株式も競馬もある意味では同じである。"ある意味"とは、勝つためにすること、である。あなたは馬券を買うときに何を重視しますか? 過去のレースの実績、持ち時計(自己ベストタイム)、調教タイム、上がり3Fのスピード。そう、その通り。でもあなたは配当の低い本命馬券しか取れないだろう。高い配当の中穴を点数の少ない馬券で取ることは偶然で無ければ出来ない。本当に勝つためには、もっと本質的にならなければならない。本質とは、馬の脚質(先行とか追い込みではなくて、体型、歩くとき・走るときのフォーム)、馬のその日の調子、を分かることだ。もちろん、簡単なことではないし、常に見続けてないと役に立つまで行かない。犬好きの飼い主が犬の顔を見ただけで何を欲しているかが分かるのと同じ様なものだ。こんなことはデータを見ていたって分からない。訳知り顔の評論家の言うことを聞いたって役には立たない。自分の目で見て、目に焼き付けて何がポイントなのかを見つけなければ成らない。特に新馬から4歳まで成長期にある馬は大きく変わることがある。これはデータを見ていたのでは殆ど分からない。

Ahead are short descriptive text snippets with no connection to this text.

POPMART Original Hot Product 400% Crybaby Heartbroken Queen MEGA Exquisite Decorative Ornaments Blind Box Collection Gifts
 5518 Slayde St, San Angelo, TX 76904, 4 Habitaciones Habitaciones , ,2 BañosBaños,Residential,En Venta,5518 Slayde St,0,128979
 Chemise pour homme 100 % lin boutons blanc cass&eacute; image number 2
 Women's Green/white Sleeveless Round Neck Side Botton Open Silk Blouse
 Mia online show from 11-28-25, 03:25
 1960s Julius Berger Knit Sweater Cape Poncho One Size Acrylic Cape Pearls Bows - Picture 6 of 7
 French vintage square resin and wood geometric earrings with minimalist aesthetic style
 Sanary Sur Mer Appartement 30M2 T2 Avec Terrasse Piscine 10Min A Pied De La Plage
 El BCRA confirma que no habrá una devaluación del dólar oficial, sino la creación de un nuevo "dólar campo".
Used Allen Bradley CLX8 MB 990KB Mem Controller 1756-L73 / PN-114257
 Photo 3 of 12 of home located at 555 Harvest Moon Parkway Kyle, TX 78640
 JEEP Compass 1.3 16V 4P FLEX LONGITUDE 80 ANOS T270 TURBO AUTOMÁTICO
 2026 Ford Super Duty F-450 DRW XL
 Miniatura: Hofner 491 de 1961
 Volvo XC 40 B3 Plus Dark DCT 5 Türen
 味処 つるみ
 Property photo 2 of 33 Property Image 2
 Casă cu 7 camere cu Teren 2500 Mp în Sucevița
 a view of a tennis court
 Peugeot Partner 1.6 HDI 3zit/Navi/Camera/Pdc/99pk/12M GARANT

株式も基本は同じである。株価チャートも、業績推移も、データでしかない。現在の業績のいい会社を買ってもドキドキするようなパフォーマンスはめったに期待できない。うっかりすると急に下方修正をして大損に見舞われるかもしれない。いい会社とは何かを考え、観察し、それを肌で感じ取れるようにすることが重要なのだ。会計学に詳しくなることや、精緻なDCFモデルが作れること、ましてやMBAを取得していることがパフォーマンスの向上にそれほど役に立たないことは誰よりも機関投資家が証明してくれている。話はそれるが、僕が比較的懇意にしてもらっている経営者の方はIRを積極的にやりたがらない。「俺が株主になってもらいたいのは、経営方針をきちんと聞いてくれて、何が経営にとって重要なのか、経営戦略は会社のリソースと併せてどのように進めるべきかを本当に考え、理解しようと努めてくれるような相手であって、目先の数字にだけしか興味の無い連中に時間を費やすのはもったいない。」 まさにその通り。
それでは、本質的にいい会社とはどんなものだろうか?まず、経営者が自分の会社の実力を理解している会社。組織のフレームがしっかりしている会社。従業員のモチベーションの高い会社。そんなことは当たり前だと思うかもしれないけれど、それをキチンと見分けられるアナリスト、ファンドマネージャーはそれほど多くないようにも思う。
弊社(tiw)では、定性的な情報を定量化するモデルの開発をあるコンサルタント会社と共同で行っている。なんとか今年中には実用化レベルにもっていきたいと考えている。
さて、企業の見極め方について一つの例を挙げよう。「会社は株主のためにある」と本気で主張する社長が居たとする。この会社はいい会社だろうか?僕の答えはNOである。投資家向けのある種のリップサービスなら分かるけれど、株主を見ながら、株価を気にしながら経営を行うことは、うっかりすると上司ばっかり見ている中間管理職と同じになってしまいはしないだろうか。投資家受けする戦略をとり続けたあの有名企業が今、どうなっているだろうか?株主ではなく顧客のために企業はあると主張できる会社のほうが正しいと、僕は思う。顧客があってこそ、会社が利益をあげ、成長して行けるわけであり、それが結果として株主に報いることにつながる。それを基軸においていない会社は、いずれ綻が出る。
最後に1冊の本を紹介したい。「日本の優秀企業研究 企業経営の原点-6つの条件」(新原浩朗著 日本経済新聞社)。既に読まれた方も多くいらっしゃると思うが、優秀企業の特質を6つ抽出して経営学の見地を踏まえて解説している。今までなんとなく、本当はこうじゃないか、と思っていたことに確信を与えてくれる。長期投資の視点を養うには非常にいい本である。幾つか見出しを紹介しておこう。「なぜ経営者の理解の範囲に絞るのか」、「世界市場前提だから「単品」に絞る」、「難しいものこそ自分たちでやる」、「企業内企業の誕生と全体最適の喪失」、「「監視のガバナンス」VS「自発性のガバナンス」」、「運命共同体的意識と企業文化」など。